▶ [TASK DIRECTIONS]: The result should be the full listing copied exactly, with no pictures in it.

▶ [DATA SHOWN]:
────────────────────

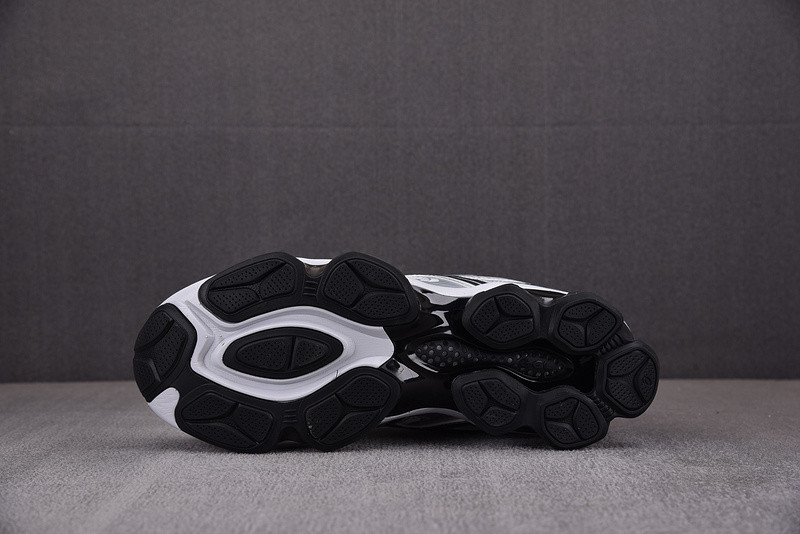 ASICS GEL-Quantum Kinetic 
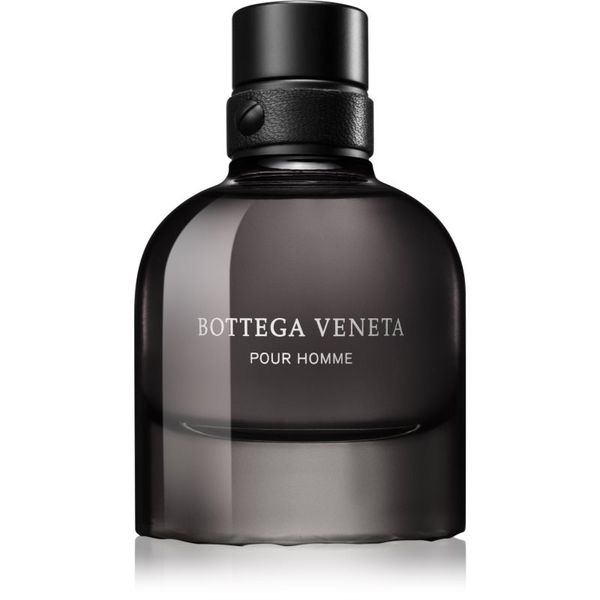 Bottega Veneta Bottega Veneta Pour Homme toaletna voda za moške 50 ml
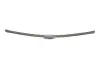 Щітки склоочисника (650/650mm) Citroen C8/Peugeot 807 02- BOSCH 3 397 118 913 (фото 4)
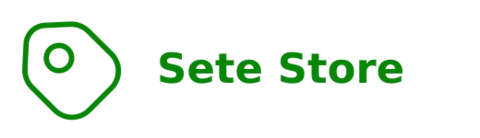 Sete Store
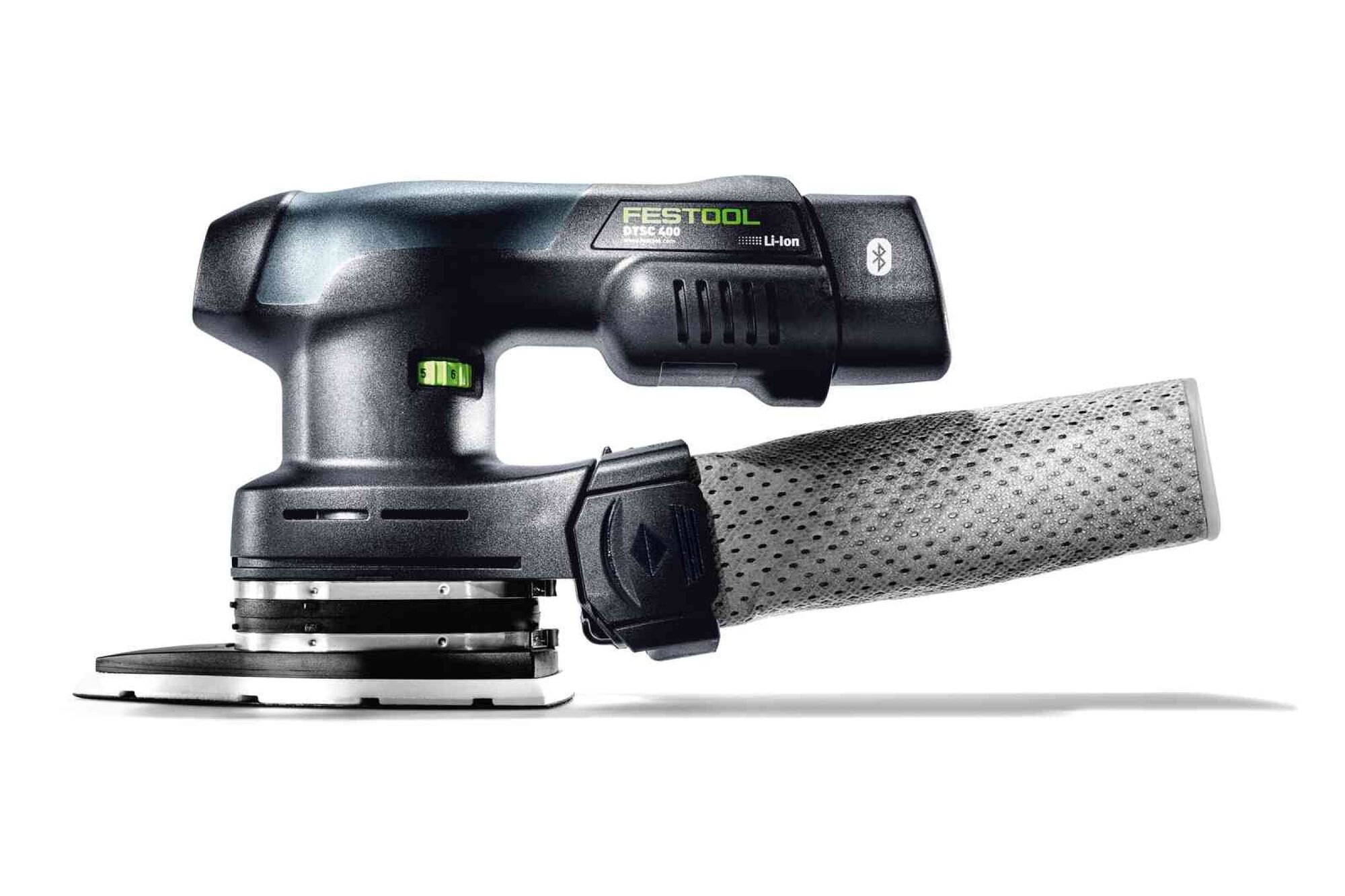 Festool dtsc deals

────────────────────

▶ [ANSWER TO THIS PROBLEM]:
 ASICS GEL-Quantum Kinetic 
 Bottega Veneta Bottega Veneta Pour Homme toaletna voda za moške 50 ml
 Щітки склоочисника (650/650mm) Citroen C8/Peugeot 807 02- BOSCH 3 397 118 913 (фото 4)
 Sete Store
 Festool dtsc deals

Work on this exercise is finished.